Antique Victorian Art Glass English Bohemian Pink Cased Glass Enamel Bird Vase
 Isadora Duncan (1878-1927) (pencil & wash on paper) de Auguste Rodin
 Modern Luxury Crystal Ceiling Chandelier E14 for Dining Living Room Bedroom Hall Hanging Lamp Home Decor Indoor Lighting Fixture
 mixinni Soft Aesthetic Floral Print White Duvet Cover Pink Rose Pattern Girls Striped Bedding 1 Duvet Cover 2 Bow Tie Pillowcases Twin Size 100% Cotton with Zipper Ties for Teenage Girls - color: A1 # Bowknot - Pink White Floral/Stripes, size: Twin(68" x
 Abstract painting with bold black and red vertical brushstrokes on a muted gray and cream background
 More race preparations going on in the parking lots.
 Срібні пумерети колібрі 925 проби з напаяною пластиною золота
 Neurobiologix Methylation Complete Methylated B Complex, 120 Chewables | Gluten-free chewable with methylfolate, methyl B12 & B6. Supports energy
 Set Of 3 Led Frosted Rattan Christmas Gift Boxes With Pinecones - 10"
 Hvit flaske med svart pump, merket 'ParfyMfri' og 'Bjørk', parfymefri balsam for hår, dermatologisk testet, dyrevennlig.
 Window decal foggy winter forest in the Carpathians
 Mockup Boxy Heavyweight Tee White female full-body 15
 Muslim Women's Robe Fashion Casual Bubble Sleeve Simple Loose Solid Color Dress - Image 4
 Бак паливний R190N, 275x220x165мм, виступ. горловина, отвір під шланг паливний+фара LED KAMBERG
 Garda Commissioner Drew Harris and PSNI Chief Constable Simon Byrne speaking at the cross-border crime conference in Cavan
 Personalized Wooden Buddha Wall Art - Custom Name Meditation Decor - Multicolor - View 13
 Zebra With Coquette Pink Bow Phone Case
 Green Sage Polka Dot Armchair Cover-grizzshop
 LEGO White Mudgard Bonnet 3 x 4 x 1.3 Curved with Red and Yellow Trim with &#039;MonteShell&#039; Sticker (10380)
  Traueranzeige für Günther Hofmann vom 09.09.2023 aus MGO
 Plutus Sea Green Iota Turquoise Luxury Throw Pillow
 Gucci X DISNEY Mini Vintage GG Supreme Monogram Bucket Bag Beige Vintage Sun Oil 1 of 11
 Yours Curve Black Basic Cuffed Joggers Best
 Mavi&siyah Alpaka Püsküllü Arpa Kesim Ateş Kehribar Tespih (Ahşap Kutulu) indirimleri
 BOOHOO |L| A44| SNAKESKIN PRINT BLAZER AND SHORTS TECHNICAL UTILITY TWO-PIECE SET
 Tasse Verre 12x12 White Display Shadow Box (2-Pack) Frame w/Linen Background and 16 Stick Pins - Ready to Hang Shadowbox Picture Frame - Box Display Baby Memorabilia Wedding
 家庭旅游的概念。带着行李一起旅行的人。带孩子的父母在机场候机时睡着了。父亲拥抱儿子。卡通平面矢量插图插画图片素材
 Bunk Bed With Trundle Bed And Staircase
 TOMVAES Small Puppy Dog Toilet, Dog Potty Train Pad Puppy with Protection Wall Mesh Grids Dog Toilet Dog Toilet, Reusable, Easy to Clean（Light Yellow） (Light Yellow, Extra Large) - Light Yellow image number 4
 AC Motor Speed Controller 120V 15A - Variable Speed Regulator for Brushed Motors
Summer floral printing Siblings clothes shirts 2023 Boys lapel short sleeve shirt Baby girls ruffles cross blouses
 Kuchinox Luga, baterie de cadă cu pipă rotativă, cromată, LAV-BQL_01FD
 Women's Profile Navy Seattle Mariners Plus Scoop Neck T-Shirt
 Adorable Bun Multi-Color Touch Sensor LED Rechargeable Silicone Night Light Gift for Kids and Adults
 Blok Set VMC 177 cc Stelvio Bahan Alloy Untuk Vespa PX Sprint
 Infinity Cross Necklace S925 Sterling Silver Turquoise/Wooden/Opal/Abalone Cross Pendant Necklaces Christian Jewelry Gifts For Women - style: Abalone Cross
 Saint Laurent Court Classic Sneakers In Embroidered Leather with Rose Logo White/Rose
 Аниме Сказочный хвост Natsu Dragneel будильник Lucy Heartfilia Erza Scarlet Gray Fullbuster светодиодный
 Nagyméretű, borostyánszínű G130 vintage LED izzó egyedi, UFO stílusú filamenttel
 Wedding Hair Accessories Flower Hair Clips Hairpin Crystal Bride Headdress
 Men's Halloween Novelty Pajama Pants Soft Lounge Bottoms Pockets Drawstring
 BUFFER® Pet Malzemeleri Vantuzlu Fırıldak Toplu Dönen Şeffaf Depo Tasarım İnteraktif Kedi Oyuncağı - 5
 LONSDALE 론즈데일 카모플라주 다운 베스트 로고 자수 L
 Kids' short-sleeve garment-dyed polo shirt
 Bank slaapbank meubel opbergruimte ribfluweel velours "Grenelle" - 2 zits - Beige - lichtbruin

◇ ◇ ◇ ◇ ◇

- [Exercise aim]: Every line above from the line with "Бак паливний R190N, 275x220x165мм, виступ." to the line with "Plutus Sea Green", inclusive, must be returned exactly; no other line belongs in the reply.

- [Output below]:
 Бак паливний R190N, 275x220x165мм, виступ. горловина, отвір під шланг паливний+фара LED KAMBERG
 Garda Commissioner Drew Harris and PSNI Chief Constable Simon Byrne speaking at the cross-border crime conference in Cavan
 Personalized Wooden Buddha Wall Art - Custom Name Meditation Decor - Multicolor - View 13
 Zebra With Coquette Pink Bow Phone Case
 Green Sage Polka Dot Armchair Cover-grizzshop
 LEGO White Mudgard Bonnet 3 x 4 x 1.3 Curved with Red and Yellow Trim with &#039;MonteShell&#039; Sticker (10380)
  Traueranzeige für Günther Hofmann vom 09.09.2023 aus MGO
 Plutus Sea Green Iota Turquoise Luxury Throw Pillow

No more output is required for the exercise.